Pada dasarnya, di sepanjang hidup, manusia terhubung dengan sesamanya dan ikut merasakan situasi yang dialami. Itulah yang membentuk kita melakukan hal serupa dengan karakter fiksi, sebagaimana dijelaskan peneliti dari University of Helsinki, Howard Sklar, dikutip dari Motion Picture Association.
Alhasil mereka menginvestasikan pengalamannya dengan karakter fiksi, dan memperlakukan mereka seperti nyata dalam kehidupan. Termasuk ketika karakternya “dibunuh” oleh penulis dan begitu membekas di perasaan. Sekalipun tidak relate dengan kehidupan karakternya, perasaan seperti mengenal sosoknya secara langsung tetap ada.
Menurut Sklar, pembaca tidak memerlukan detail persis dengan pengalamannya, untuk bersimpati dengan karakter, tapi mengandalkan kemampuan story-telling penulis dan melihatnya dari perspektif emosional.
Misalnya dalam My Sister’s Keeper (2004). Jodi Picoult menarasikan kisahnya dari sudut pandang orang pertama, tetapi bukan hanya dari perspektif Kate Fitzgerald yang menjadi karakter utama, melainkan tujuh narator berbeda. Dengan pendekatan tersebut, pembaca mendapatkan kesan personal dan memahami pemikiran setiap karakternya.

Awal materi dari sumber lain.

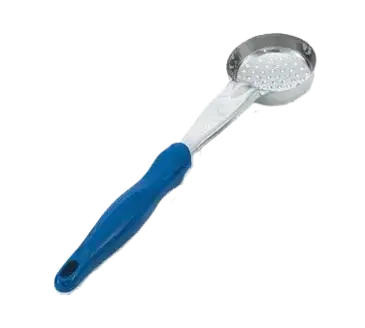 Vollrath 6432230 Spoon, Portion Control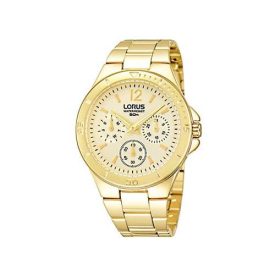 LORUS mirar RP610BX-9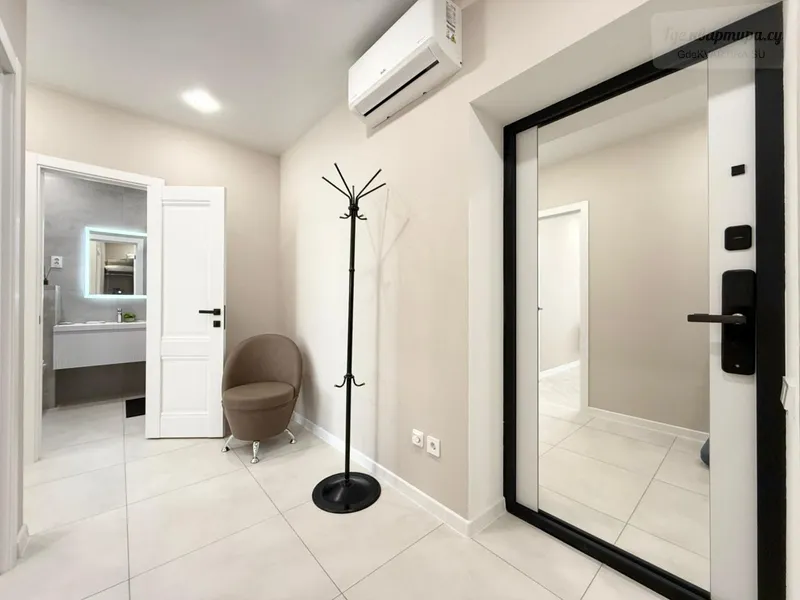 Фото квартиры 14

Namun, keterikatan dengan karakter fiksi bagi sejumlah orang, justru lebih dari berempati maupun experience-taking. Mereka memiliki perasaan intens, keinginan memiliki, atau ketertarikan seksual terhadap karakter-karakter yang dikagumi, serupa dengan yang dirasakan terhadap orang nyata.
Baca Juga: Menerima dan Berdamai dengan Duka Lewat ‘Jujutsu Kaisen Vol. 0’

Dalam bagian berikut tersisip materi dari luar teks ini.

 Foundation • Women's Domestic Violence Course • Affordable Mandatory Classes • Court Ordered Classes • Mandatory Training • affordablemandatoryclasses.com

Istilah ini dikenal sebagai fictophilia, yang juga berpengaruh pada aktivitas sehari-hari. Apabila penggemar pada umumnya sebatas membaca ulang, atau mengonsumsi alternate universe fanfiction untuk kembali bertemu dengan karakter favoritnya, mereka cenderung berfantasi dan mengarang ceritanya sendiri bersama sang tokoh fiksi.
Fenomena itu terjadi pada Claudia Fain, pengulas buku yang mempublikasikan pengalamannya lewat reels di Instagram. Dalam video tersebut, ia mengungkapkan kecintaannya terhadap karakter Fitzwilliam Darcy dan Charles Bingley, dari Pride and Prejudice (1813).

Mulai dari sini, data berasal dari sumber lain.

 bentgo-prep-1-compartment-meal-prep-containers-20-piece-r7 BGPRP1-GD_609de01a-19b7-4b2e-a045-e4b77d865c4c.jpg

“I’ve suffered from this, especially with Jane Austen’s men,” tuturnya.
Keberadaan fandom dan media sosial lalu semakin memperkuat pembaca dengan fictophilia, karena menciptakan ruang diskusi bagi mereka. Seperti Duplicity (2018), fanfiction dengan karakter utama Harry Styles.
Menceritakan tentang Aven Brooks, fotografer rock band bernama Duplicity, yang tertarik dan penasaran dengan rahasia di balik sisi gelap Styles, salah satu anggota band tersebut. Buku yang bab barunya dirilis setiap Senin itu tak pernah absen meramaikan Twitter, membuat penggemar semakin terobsesi dengan Styles akibat imajinasinya.
Sebenarnya, imajinasi tersebut tidak berujung halusinasi, tetapi kerap membuat pembaca tidak sadar diri dan bingung secara emosional akibat terjebak dalam dunianya sendiri, seperti dijelaskan peneliti Veli-Matti Karhulahti dan Tanja Välisalo dalam Fictosexuality, Fictoromance, and Fictophilia: A Qualitative Study of Love and Desire for Fictional Characters (2021).
Meskipun demikian, fictophilia tidak termasuk kelainan, melainkan parasocial relationship yang kuat terhadap karakter fiksi.